Premium growth is up substantially for North American P&C insurers overall, though struggles continue for two notable segments, according to Fitch Ratings’ review of GAAP results for 40 North American reinsurers.
The aggregate group combined ratio increased by 1.4 percentage points to 96.8% versus 95.4% in 2021, while GAAP operating return on equity improved to 8.5% in 2022.
One notable outlier was the personal auto business. Historically one of the largest and more stable lines of business, results proved volatile, according to Director Christopher Grimes.
Personal lines performance deteriorated sharply, led by rising inflation, accelerating loss-cost trends in personal auto, and above average insured catastrophe losses
Director Christopher Grimes
While specialty commercial and (re)insurers produced the strongest improvement in operating results last year, Florida specialists stumbled again.
Florida homeowners insurers reported a considerable operating loss as losses from Hurricane Ian exacerbated an already-challenged environment.
Property specialists in this market will face challenges tied to reduced availability and higher costs for reinsurance coverage in the near term.
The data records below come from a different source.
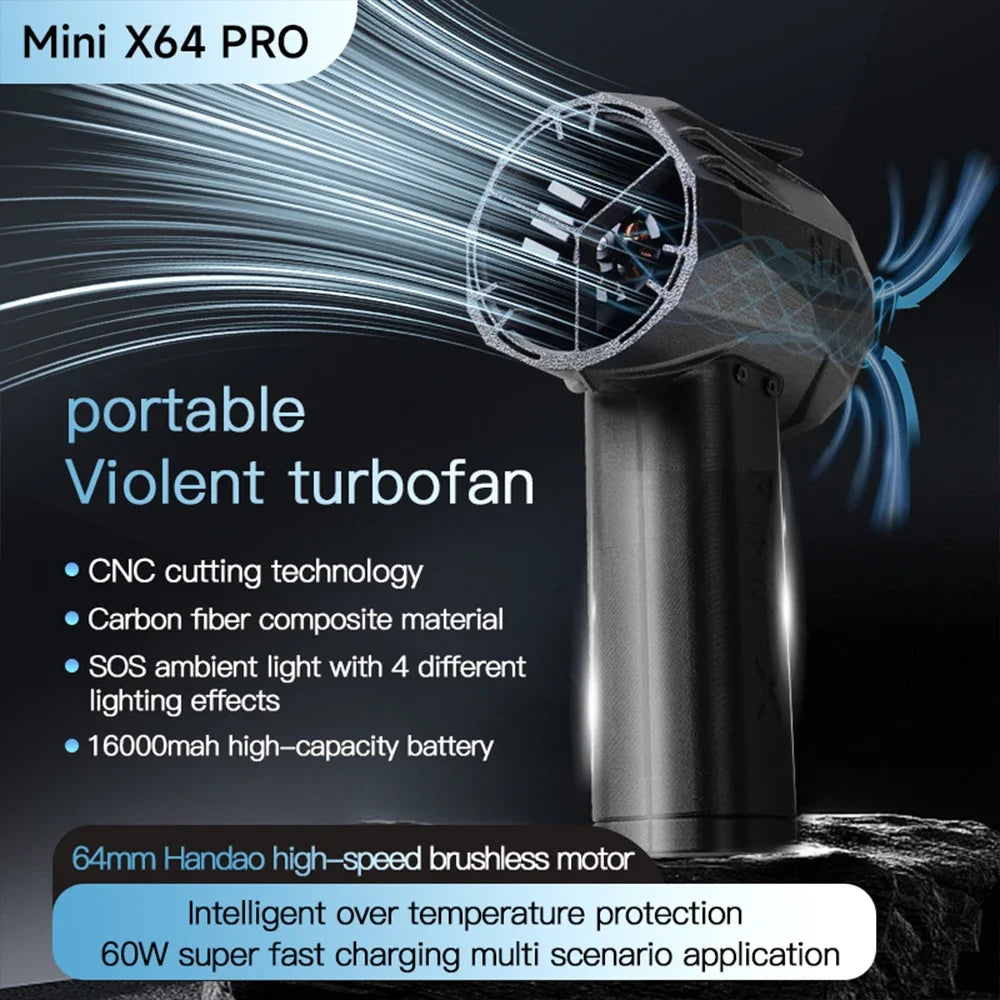 X64 Pro Car Violent Blower Powerful Electric Air Blower Brushless Motor Thrust Electric Air Duster for Car Dry 1.5kg/s 350km/h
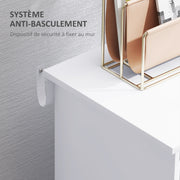 Modern Buffet - Storage Unit on Feet 3 Niches Cupboard - in Wood and Gray Metal Door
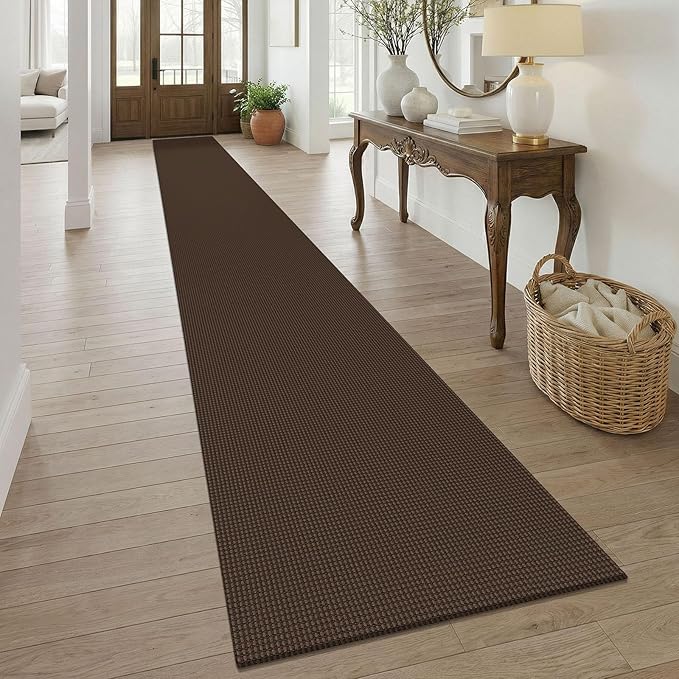 KOZYFLY Braided 2.5'x20' Runners Rugs for Hallway, Extra Long Washable Runner Rug, Woven Non Slip Kitchen Runner, Cotton Entryway Rug, Floor Carpet for Entry, Aisle, Hall, Brown/Dark Brown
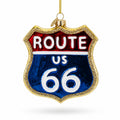 Iconic Route 66 Sign Glass Christmas Ornament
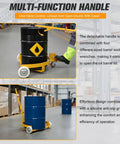 Heavy-Duty 55 Gallon Drum Dolly With Swivel Wheels, 1200 Lbs Capacity, Rugged Steel Frame, Height-Adjustable Handle, 360 Degree Steering For Easy No-Fuss Maneuvering In Tight Spaces, yellow steel drum dolly with handle and swivel wheels in warehouse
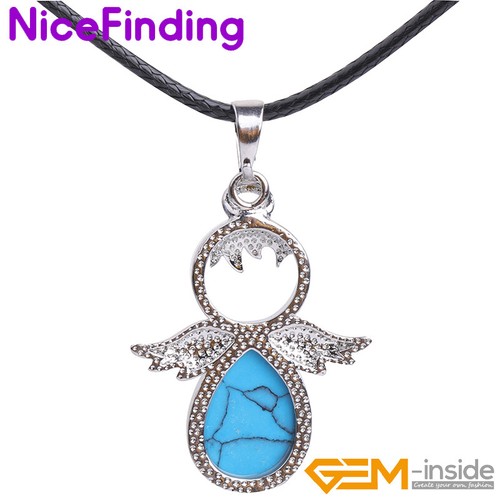 Verschiedene Steine fliegende Engelsflügel Schmuck Anhänger Halskette 16" Weihnachtsgeschenk - Bild 31 von 64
Further market exits remain a distinct possibility in 2023
Recent legislative and regulatory actions enacted in Florida will support a reduction in future property insurance loss costs (see Rough Year for Many US Auto, Property and Casualty Insurers).
Sharply rising interest rates and widening of spreads drove the significant decline in unrealized positions of fixed-income portfolios across the group, driving a 13.3% decline in common shareholders’ equity.
The overall group entered the year with an aggregate unrealized bond gain position of $38 billion, before experiencing a $117 billion decline in unrealized bond values to a $79 billion unrealized loss at YE 2022.
Fitch currently holds a neutral fundamental sector outlook for the U.S. P&C insurance sector in 2023. Sharp pricing changes in personal lines point to better sector underwriting results in 2023 from uncharacteristic recent volatility.
Fitch could move the sector outlook to ‘deteriorating’ if underwriting performance is adversely affected by pricing that does not keeping pace with inflation, or reserve adequacy is materially compromised.